Top of Given data

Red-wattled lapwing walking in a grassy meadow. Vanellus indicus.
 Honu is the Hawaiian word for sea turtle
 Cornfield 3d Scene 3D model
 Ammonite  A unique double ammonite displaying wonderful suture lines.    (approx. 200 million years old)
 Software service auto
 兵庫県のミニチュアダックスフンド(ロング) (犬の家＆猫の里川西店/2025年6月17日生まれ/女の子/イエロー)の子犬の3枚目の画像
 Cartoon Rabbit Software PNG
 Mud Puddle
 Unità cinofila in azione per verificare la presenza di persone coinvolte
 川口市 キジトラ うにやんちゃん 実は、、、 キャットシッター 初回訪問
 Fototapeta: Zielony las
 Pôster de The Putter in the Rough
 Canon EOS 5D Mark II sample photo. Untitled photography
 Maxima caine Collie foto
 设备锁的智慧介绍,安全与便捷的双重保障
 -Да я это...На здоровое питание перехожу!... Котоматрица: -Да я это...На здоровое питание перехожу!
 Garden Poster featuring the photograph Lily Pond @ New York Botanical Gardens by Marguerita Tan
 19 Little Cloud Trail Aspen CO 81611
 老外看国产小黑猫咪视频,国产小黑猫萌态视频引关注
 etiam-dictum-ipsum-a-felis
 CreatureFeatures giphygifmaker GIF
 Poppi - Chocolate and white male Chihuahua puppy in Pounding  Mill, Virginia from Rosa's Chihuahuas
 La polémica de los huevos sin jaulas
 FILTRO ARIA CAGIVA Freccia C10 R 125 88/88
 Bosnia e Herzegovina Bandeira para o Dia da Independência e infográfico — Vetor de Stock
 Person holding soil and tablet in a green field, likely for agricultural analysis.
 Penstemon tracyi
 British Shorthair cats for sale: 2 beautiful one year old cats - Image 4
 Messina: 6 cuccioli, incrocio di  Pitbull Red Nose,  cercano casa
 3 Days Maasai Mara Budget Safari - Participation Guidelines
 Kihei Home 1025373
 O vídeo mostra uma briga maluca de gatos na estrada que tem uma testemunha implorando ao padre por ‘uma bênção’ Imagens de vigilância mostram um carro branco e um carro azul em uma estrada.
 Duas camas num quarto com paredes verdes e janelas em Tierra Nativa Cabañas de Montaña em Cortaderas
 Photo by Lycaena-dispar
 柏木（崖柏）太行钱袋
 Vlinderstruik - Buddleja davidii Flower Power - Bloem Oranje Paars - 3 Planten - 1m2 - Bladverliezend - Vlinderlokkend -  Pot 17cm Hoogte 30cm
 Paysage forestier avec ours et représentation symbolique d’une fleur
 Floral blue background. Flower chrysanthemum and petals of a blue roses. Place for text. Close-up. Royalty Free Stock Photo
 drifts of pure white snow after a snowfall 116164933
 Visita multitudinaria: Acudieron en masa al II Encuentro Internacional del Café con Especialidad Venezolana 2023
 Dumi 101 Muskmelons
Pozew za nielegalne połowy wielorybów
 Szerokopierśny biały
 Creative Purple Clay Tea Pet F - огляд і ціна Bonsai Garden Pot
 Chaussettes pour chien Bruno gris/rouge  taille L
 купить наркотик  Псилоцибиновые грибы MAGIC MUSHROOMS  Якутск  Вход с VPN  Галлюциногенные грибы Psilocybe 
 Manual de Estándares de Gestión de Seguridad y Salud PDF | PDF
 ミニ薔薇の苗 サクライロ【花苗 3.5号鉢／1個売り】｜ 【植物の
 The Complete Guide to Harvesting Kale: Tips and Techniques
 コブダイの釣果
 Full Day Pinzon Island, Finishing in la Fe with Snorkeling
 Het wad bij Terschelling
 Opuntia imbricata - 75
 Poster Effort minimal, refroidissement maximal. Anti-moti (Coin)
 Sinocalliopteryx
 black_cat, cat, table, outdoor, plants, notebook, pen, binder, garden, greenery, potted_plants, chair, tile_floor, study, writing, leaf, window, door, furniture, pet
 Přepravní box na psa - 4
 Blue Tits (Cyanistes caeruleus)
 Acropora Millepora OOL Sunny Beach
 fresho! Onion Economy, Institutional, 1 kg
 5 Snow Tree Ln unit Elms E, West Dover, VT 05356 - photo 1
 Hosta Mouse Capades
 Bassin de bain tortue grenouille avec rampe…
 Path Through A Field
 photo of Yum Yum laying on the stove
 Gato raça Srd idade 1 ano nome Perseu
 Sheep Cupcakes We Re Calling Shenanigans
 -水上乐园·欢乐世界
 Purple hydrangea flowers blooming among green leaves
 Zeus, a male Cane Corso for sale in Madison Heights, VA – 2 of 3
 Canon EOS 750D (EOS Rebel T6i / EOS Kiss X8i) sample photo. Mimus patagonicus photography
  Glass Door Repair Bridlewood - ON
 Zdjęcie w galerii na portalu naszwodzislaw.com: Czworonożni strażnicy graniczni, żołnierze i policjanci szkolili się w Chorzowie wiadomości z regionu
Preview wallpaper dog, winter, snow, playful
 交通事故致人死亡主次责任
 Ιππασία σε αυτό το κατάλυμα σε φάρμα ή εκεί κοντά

Bottom of Given data

Instructions to follow — The answer must reproduce every record exactly.

Written solution —
Red-wattled lapwing walking in a grassy meadow. Vanellus indicus.
 Honu is the Hawaiian word for sea turtle
 Cornfield 3d Scene 3D model
 Ammonite  A unique double ammonite displaying wonderful suture lines.    (approx. 200 million years old)
 Software service auto
 兵庫県のミニチュアダックスフンド(ロング) (犬の家＆猫の里川西店/2025年6月17日生まれ/女の子/イエロー)の子犬の3枚目の画像
 Cartoon Rabbit Software PNG
 Mud Puddle
 Unità cinofila in azione per verificare la presenza di persone coinvolte
 川口市 キジトラ うにやんちゃん 実は、、、 キャットシッター 初回訪問
 Fototapeta: Zielony las
 Pôster de The Putter in the Rough
 Canon EOS 5D Mark II sample photo. Untitled photography
 Maxima caine Collie foto
 设备锁的智慧介绍,安全与便捷的双重保障
 -Да я это...На здоровое питание перехожу!... Котоматрица: -Да я это...На здоровое питание перехожу!
 Garden Poster featuring the photograph Lily Pond @ New York Botanical Gardens by Marguerita Tan
 19 Little Cloud Trail Aspen CO 81611
 老外看国产小黑猫咪视频,国产小黑猫萌态视频引关注
 etiam-dictum-ipsum-a-felis
 CreatureFeatures giphygifmaker GIF
 Poppi - Chocolate and white male Chihuahua puppy in Pounding  Mill, Virginia from Rosa's Chihuahuas
 La polémica de los huevos sin jaulas
 FILTRO ARIA CAGIVA Freccia C10 R 125 88/88
 Bosnia e Herzegovina Bandeira para o Dia da Independência e infográfico — Vetor de Stock
 Person holding soil and tablet in a green field, likely for agricultural analysis.
 Penstemon tracyi
 British Shorthair cats for sale: 2 beautiful one year old cats - Image 4
 Messina: 6 cuccioli, incrocio di  Pitbull Red Nose,  cercano casa
 3 Days Maasai Mara Budget Safari - Participation Guidelines
 Kihei Home 1025373
 O vídeo mostra uma briga maluca de gatos na estrada que tem uma testemunha implorando ao padre por ‘uma bênção’ Imagens de vigilância mostram um carro branco e um carro azul em uma estrada.
 Duas camas num quarto com paredes verdes e janelas em Tierra Nativa Cabañas de Montaña em Cortaderas
 Photo by Lycaena-dispar
 柏木（崖柏）太行钱袋
 Vlinderstruik - Buddleja davidii Flower Power - Bloem Oranje Paars - 3 Planten - 1m2 - Bladverliezend - Vlinderlokkend -  Pot 17cm Hoogte 30cm
 Paysage forestier avec ours et représentation symbolique d’une fleur
 Floral blue background. Flower chrysanthemum and petals of a blue roses. Place for text. Close-up. Royalty Free Stock Photo
 drifts of pure white snow after a snowfall 116164933
 Visita multitudinaria: Acudieron en masa al II Encuentro Internacional del Café con Especialidad Venezolana 2023
 Dumi 101 Muskmelons
Pozew za nielegalne połowy wielorybów
 Szerokopierśny biały
 Creative Purple Clay Tea Pet F - огляд і ціна Bonsai Garden Pot
 Chaussettes pour chien Bruno gris/rouge  taille L
 купить наркотик  Псилоцибиновые грибы MAGIC MUSHROOMS  Якутск  Вход с VPN  Галлюциногенные грибы Psilocybe 
 Manual de Estándares de Gestión de Seguridad y Salud PDF | PDF
 ミニ薔薇の苗 サクライロ【花苗 3.5号鉢／1個売り】｜ 【植物の
 The Complete Guide to Harvesting Kale: Tips and Techniques
 コブダイの釣果
 Full Day Pinzon Island, Finishing in la Fe with Snorkeling
 Het wad bij Terschelling
 Opuntia imbricata - 75
 Poster Effort minimal, refroidissement maximal. Anti-moti (Coin)
 Sinocalliopteryx
 black_cat, cat, table, outdoor, plants, notebook, pen, binder, garden, greenery, potted_plants, chair, tile_floor, study, writing, leaf, window, door, furniture, pet
 Přepravní box na psa - 4
 Blue Tits (Cyanistes caeruleus)
 Acropora Millepora OOL Sunny Beach
 fresho! Onion Economy, Institutional, 1 kg
 5 Snow Tree Ln unit Elms E, West Dover, VT 05356 - photo 1
 Hosta Mouse Capades
 Bassin de bain tortue grenouille avec rampe…
 Path Through A Field
 photo of Yum Yum laying on the stove
 Gato raça Srd idade 1 ano nome Perseu
 Sheep Cupcakes We Re Calling Shenanigans
 -水上乐园·欢乐世界
 Purple hydrangea flowers blooming among green leaves
 Zeus, a male Cane Corso for sale in Madison Heights, VA – 2 of 3
 Canon EOS 750D (EOS Rebel T6i / EOS Kiss X8i) sample photo. Mimus patagonicus photography
  Glass Door Repair Bridlewood - ON
 Zdjęcie w galerii na portalu naszwodzislaw.com: Czworonożni strażnicy graniczni, żołnierze i policjanci szkolili się w Chorzowie wiadomości z regionu
Preview wallpaper dog, winter, snow, playful
 交通事故致人死亡主次责任
 Ιππασία σε αυτό το κατάλυμα σε φάρμα ή εκεί κοντά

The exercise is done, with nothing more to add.